The Confederate Cookbook: Family Favorites from the Sons of Confederate Veterans, edited by Lynda Moreau, Pelican, (504) 368-1175, 382 pages, $25.
There’s something about the Civil War that makes people want to travel back in time to find out what it was like to be a soldier, a sutler, a homemaker. Every year, thousands of reenactors across the country–and even in countries as far away as Australia–put on wool army uniforms or some other period garb and test their mettle in mock battle or in some other re-created 1860s circumstance.
This method of satisfying the yearning for a Civil War experience requires serious dedication–of time, energy, and money. For those who can’t make that sort of commitment, though, there are other ways to “sample” the period.
My vote goes for tasting food from the time. With a handful of modern ingredients and a recipe handed down from the 1860s, anyone with a heat source and some cooking utensils can whip up more or less the same dish someone could have enjoyed (sometimes not enjoyed) in the 19th century.

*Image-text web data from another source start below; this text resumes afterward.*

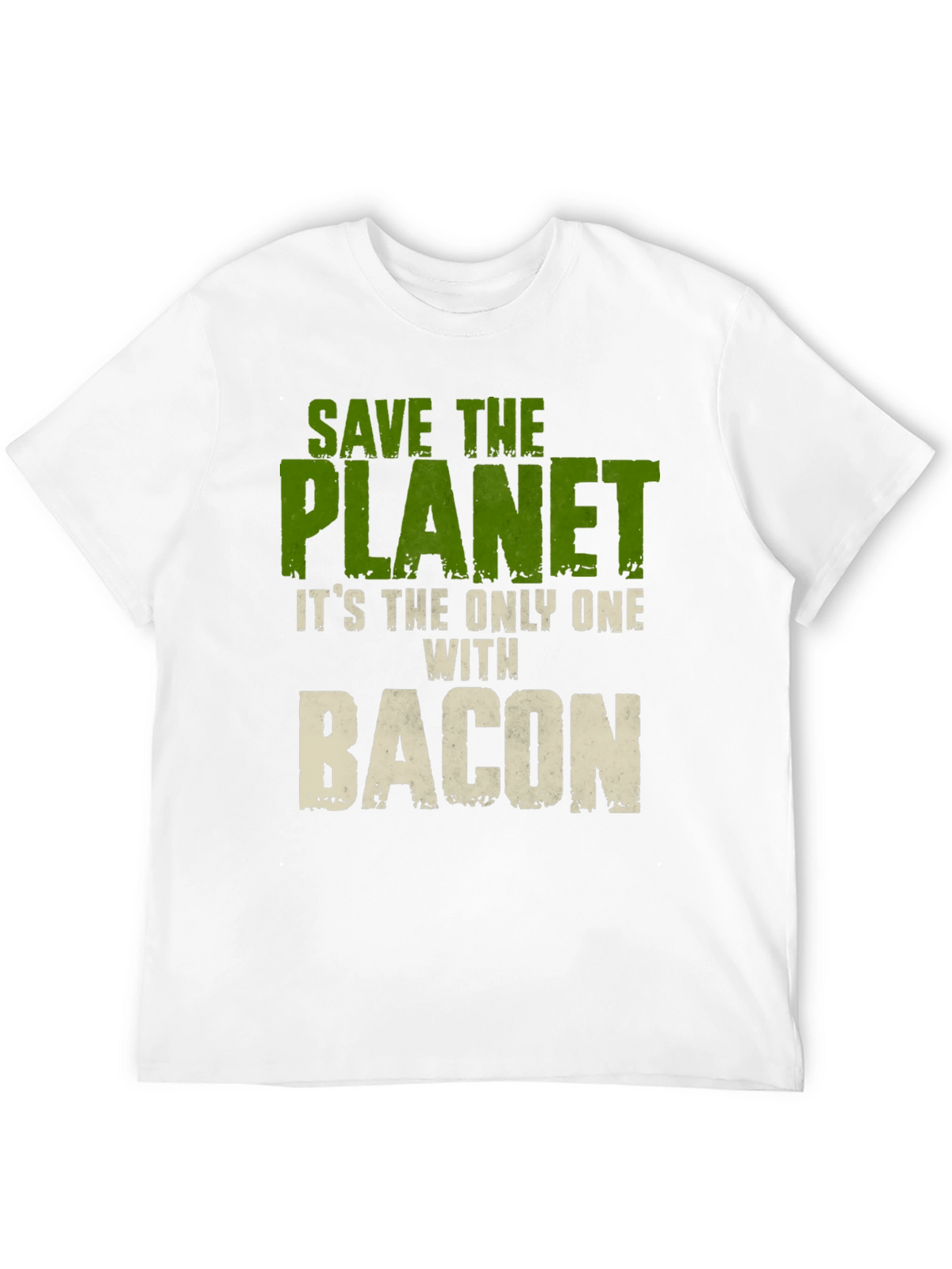 Save The Planet Bacon Graphic T-Shirt
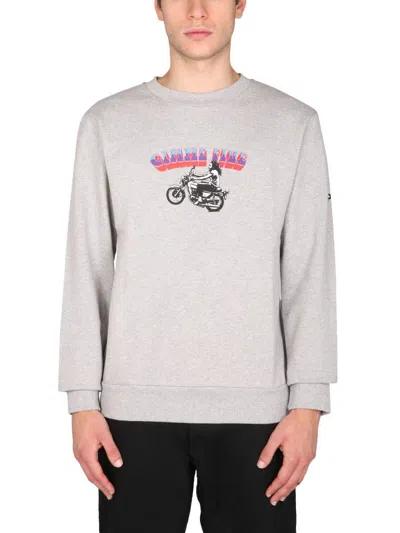 Apc A.p.c. "mika" Sweatshirt Unisex In Grey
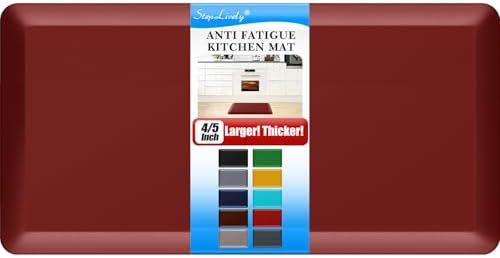 4/5 Inch Thick Kitchen Mat - Cushioned Anti Fatigue Mat for Kitchen Floor
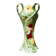 Slip vase, thistle motif, Art Nouveau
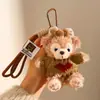 Pingente Bolsa Shirley Boneca de Pelúcia Chaveiro de Carro Wenchuang Urso Duffy Pequena Bolsa de Presente Boneca Enfeites Pendurados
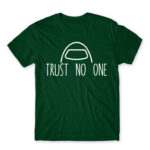 Trust no one Bottle Green Men's T-shirt for Gaming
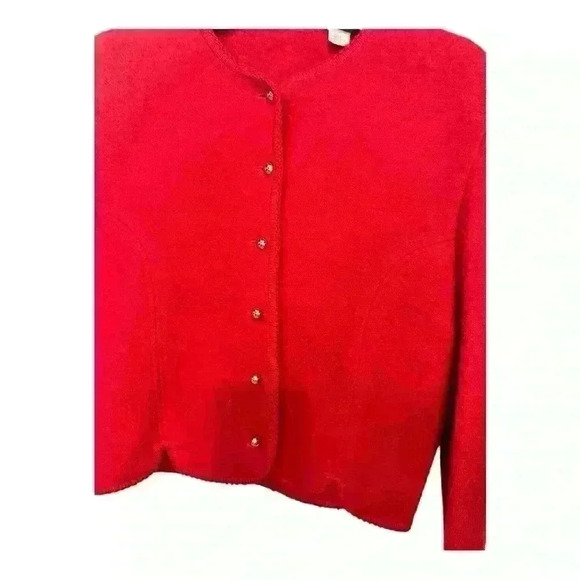 Northern Isle Vintage 100% wool Red Boiled Wool Jacket Size 11/12 - Picture 2 of 5
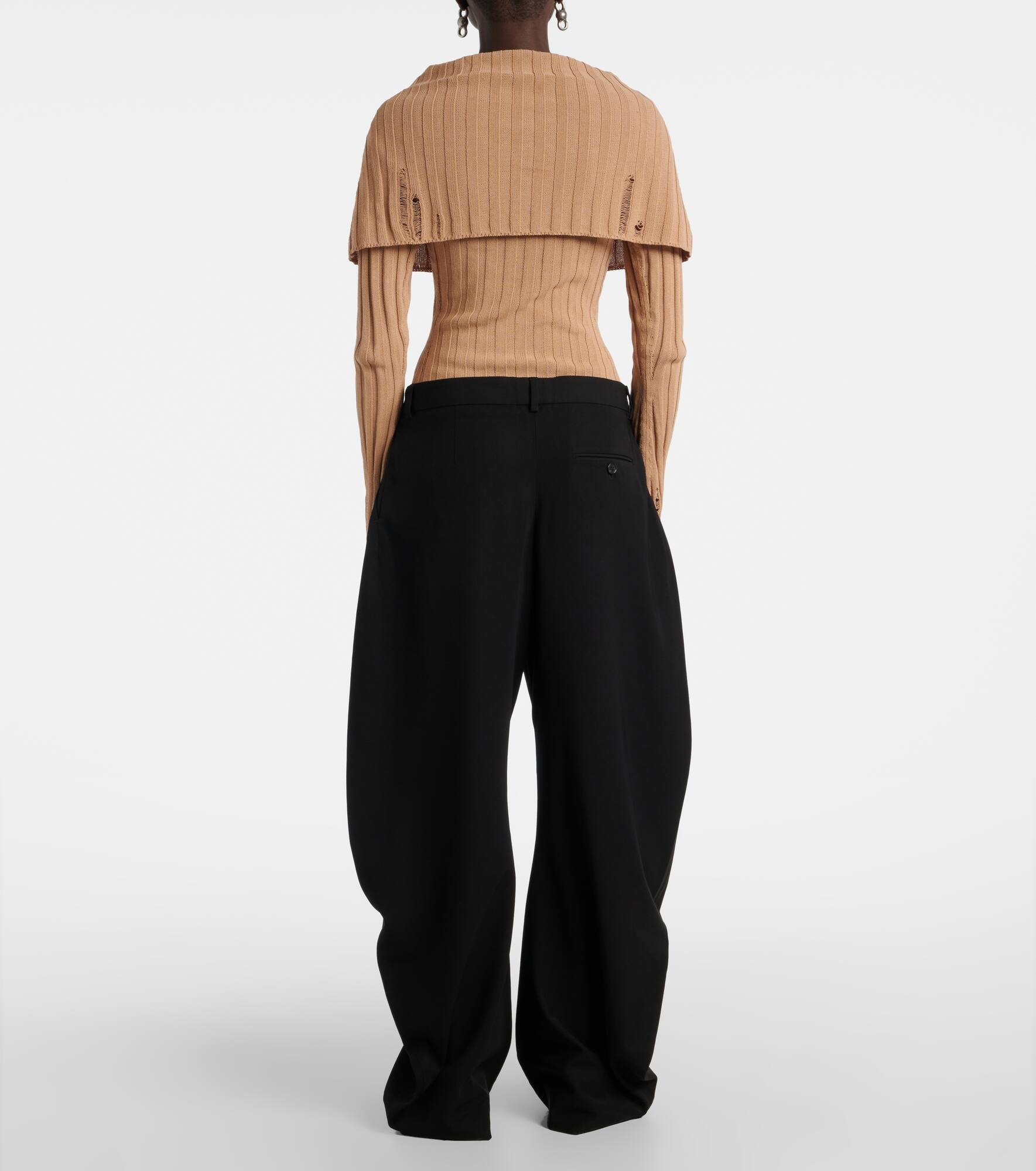 Mid-rise wide-leg pants - 3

The Confederate Cookbook: Family Favorites from the Sons of Confederate Veterans has those authentic recipes–hundreds of them, every one from a descendant of a Civil War soldier. With nothing more than some corn meal, baking powder, milk, eggs, butter, and salt you can throw together more or less the same spoon bread that First Corporal James Henry Hereford, Jr., of the 10th Kentucky Infantry may have eaten at Sunday dinner right before leaving for war. And while you wait for the concoction to cook in the oven, you can read about Hereford’s war experience in the accompanying text:
James H. Hereford, Jr., was captured at the Battle of Ivy Mountain near Prestonsburg, Kentucky. A family member managed to get him paroled near Pikesville, with the proviso that he would no longer support the Confederate cause. After he was safely away from his Federal captors, he promptly reenlisted.
Native Southerners no doubt have grown up with many of these traditional dishes. But few will have tried all of them. And besides, most of the recipes have a family twist to them, so even though you’ve had chocolate cake, odds are you’ve never tried “Mama Hewitt’s Chocolate Cake.”